→ **What needs to be done**
Reproduce exactly the lines below from the one containing "Send the National" through the one containing "CC_StudentVoice's tweet photo.", including both, and nothing else.

[Data in this exercise]

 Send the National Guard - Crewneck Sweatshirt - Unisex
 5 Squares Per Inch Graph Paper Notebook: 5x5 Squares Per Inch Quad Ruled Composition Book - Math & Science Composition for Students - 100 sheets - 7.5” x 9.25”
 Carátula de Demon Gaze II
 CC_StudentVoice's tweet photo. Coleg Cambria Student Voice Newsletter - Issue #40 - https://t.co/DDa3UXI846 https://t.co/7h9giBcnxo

[/Data in this exercise]
[Data in this exercise]

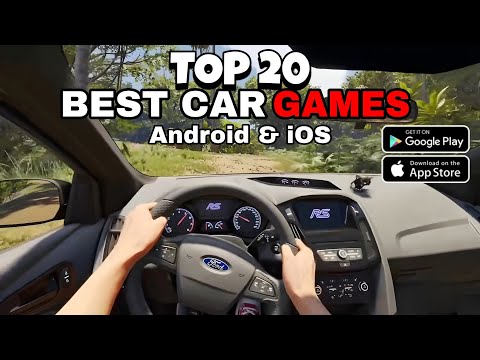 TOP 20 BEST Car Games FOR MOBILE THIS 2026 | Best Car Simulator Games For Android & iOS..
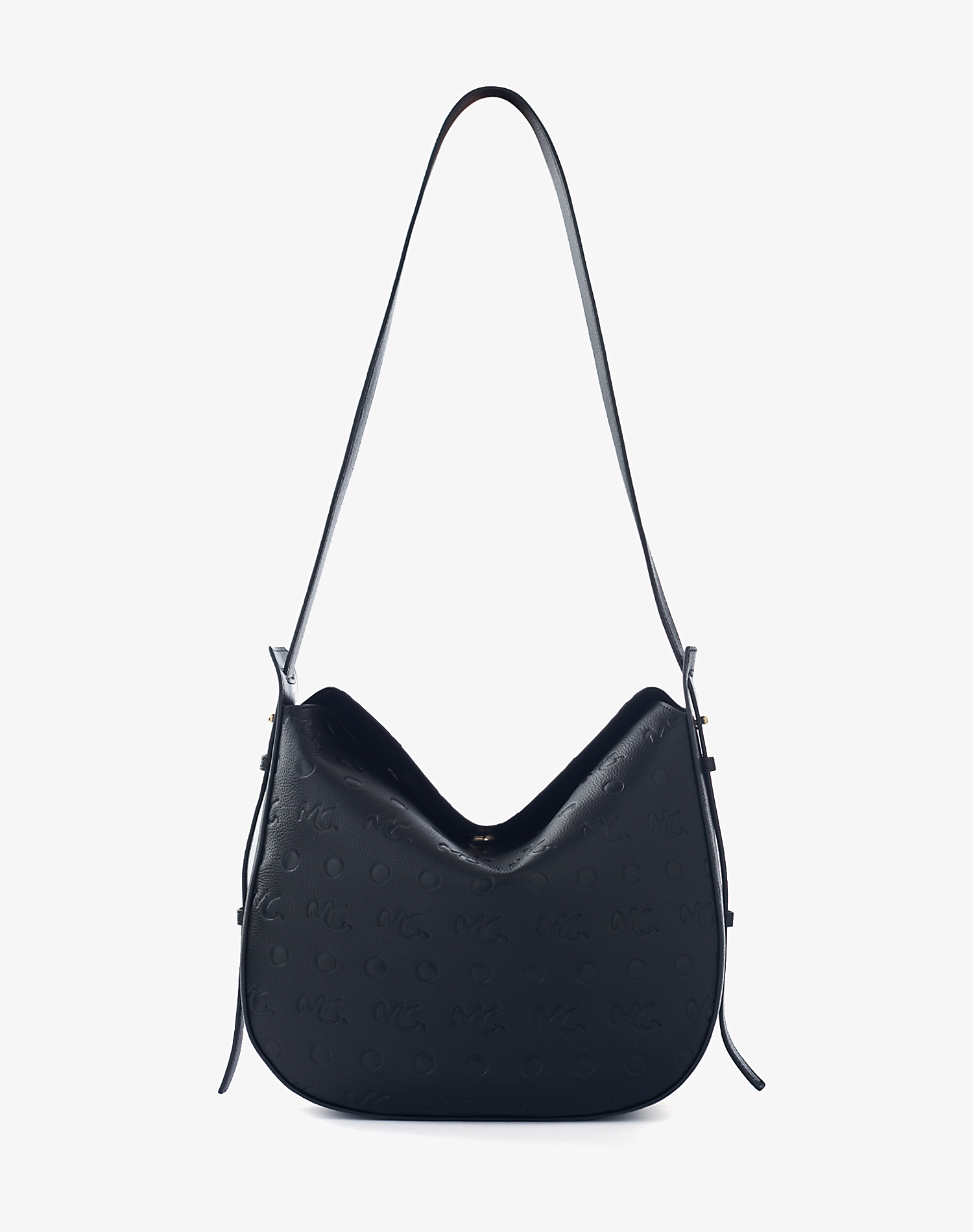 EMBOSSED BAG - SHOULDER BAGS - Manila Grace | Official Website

[/Data in this exercise]

→ **Written response**
 Send the National Guard - Crewneck Sweatshirt - Unisex
 5 Squares Per Inch Graph Paper Notebook: 5x5 Squares Per Inch Quad Ruled Composition Book - Math & Science Composition for Students - 100 sheets - 7.5” x 9.25”
 Carátula de Demon Gaze II
 CC_StudentVoice's tweet photo. Coleg Cambria Student Voice Newsletter - Issue #40 - https://t.co/DDa3UXI846 https://t.co/7h9giBcnxo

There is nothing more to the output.